Le premier film de l’ONF à utiliser pareille technique est Front d’acier. Sorti en avril 1940, le film, qui insiste sur la formidable mécanisation de l’armée allemande et sur la contribution des travailleurs d’usine du Canada à la modernisation de l’armée canadienne, présente plusieurs images tirées des films de propagande nazie. Mais comment le Canada obtenait-il ses images? Elles étaient tout simplement volées, capturées à l’ennemi. Il existe très peu de documents d’archives témoignant de la façon dont l’ONF s’y prenait pour mettre la main sur ce genre de matériel. Toutefois, il est certain que la marine canadienne a joué un grand rôle dans la capture de ce métrage.
Front d’acier, John McDougall, offert par l’Office national du film du Canada
Quand on examine de près Front d’acier, il est difficile de déterminer la provenance exacte des images tirées des actualités allemandes. Le ministère du Reich à l’éducation du peuple et à la propagande a tourné des centaines voire des milliers de films. J’ai toutefois réussi à trouver des images tirées d’un film allemand d’actualités de 1939 sur l’invasion de la Pologne, qui sont utilisées dans Front d’acier. Je vous invite à visionner les images de l’hélice d’un avion en plein vol, du soldat mitrailleur et de l’avion qui laisse tomber des bombes dans le film de l’ONF de 4:54 à 5:02, puis de les comparer avec celles du film allemand de 5:37 à 6:09. À certains moments, vous retrouverez exactement les mêmes images.
http://www.youtube.com/watch?v=nMJFcAWrKcs
Il est intéressant de noter que le film allemand ne veut qu’illustrer la puissance de l’aviation allemande sans jamais montrer les dégâts causés par les bombardements, tandis que Front d’acier, après avoir montré le raid aérien allemand, enchaîne avec des images d’explosion, de maisons en flamme et de gens affolés s’enfuyant. Ces images ajoutées sont tirées d’un film sur l’évacuation de Dunkerque en France (rien à voir avec l’invasion de Pologne) achetées par l’ONF à la compagnie américaine Paramount News.
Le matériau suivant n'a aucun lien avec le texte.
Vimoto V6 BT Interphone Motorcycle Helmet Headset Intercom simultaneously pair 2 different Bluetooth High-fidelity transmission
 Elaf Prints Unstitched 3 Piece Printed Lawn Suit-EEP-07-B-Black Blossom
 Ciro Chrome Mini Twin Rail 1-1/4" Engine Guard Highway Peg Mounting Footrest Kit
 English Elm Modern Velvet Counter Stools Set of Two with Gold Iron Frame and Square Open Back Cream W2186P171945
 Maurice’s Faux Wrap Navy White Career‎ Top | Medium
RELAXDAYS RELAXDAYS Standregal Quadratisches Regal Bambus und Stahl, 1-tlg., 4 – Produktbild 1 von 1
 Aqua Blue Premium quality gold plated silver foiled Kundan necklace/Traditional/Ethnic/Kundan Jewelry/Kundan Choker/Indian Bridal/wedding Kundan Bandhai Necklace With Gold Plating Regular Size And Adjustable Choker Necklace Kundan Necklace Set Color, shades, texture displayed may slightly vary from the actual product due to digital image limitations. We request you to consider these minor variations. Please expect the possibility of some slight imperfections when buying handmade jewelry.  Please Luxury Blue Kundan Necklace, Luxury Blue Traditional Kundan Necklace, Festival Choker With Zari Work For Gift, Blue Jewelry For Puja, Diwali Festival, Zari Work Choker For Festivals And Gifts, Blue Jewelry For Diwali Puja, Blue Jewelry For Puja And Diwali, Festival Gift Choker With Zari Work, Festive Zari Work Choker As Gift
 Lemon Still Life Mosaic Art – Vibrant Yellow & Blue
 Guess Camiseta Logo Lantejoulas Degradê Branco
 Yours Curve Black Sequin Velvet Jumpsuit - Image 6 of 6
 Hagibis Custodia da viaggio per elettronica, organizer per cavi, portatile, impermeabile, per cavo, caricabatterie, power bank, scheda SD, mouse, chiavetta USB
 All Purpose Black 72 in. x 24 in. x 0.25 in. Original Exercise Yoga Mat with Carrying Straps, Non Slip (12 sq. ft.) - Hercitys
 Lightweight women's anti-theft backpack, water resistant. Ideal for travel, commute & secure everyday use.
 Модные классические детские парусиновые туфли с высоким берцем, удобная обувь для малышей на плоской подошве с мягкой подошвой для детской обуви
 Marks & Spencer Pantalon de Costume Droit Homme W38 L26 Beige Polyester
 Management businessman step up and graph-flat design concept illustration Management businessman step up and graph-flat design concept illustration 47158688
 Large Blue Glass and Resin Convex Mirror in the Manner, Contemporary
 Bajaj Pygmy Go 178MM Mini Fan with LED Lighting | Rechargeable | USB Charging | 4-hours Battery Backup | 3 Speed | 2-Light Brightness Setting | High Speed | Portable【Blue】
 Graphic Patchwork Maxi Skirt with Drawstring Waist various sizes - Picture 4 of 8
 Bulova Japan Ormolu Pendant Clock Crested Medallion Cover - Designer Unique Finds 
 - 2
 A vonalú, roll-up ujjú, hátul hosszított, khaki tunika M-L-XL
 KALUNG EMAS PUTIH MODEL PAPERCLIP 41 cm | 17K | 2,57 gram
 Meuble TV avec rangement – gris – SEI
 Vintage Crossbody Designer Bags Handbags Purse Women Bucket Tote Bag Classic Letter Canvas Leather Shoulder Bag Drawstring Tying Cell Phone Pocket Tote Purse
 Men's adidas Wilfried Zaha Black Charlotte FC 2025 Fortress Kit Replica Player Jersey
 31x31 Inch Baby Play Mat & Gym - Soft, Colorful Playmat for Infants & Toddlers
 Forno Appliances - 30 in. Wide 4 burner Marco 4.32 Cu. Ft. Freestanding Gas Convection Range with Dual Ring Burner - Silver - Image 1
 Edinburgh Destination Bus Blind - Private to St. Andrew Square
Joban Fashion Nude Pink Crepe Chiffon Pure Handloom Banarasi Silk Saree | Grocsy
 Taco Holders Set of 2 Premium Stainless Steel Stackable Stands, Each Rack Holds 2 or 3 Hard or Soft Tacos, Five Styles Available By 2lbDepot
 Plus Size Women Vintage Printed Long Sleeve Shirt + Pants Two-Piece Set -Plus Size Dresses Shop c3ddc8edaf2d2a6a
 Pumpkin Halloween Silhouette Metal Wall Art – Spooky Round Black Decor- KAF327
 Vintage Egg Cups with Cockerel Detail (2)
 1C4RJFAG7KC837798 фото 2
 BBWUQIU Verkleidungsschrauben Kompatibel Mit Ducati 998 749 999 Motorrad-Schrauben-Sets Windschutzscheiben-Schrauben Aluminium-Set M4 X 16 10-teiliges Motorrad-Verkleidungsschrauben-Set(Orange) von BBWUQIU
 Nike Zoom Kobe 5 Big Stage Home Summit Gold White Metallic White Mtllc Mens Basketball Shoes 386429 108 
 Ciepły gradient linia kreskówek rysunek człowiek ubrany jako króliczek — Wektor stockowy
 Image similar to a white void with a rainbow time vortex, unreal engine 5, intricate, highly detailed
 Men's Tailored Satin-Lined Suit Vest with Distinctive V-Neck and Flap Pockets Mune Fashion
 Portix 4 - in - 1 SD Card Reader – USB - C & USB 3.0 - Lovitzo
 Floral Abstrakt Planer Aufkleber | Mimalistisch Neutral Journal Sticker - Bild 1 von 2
L’extrait, tiré de Front d’acier, que je vous ai proposé, constitue un exemple de manipulation de l’image, de détournement de sens qui avait cours dans les films de propagande de l’ONF. Il en existe sans doute plusieurs autres. Le Web regorge de films d’actualités allemands. À vous de voir s’il n’y a pas d’autres images de propagande nazie qui se cachent dans Front d’acier!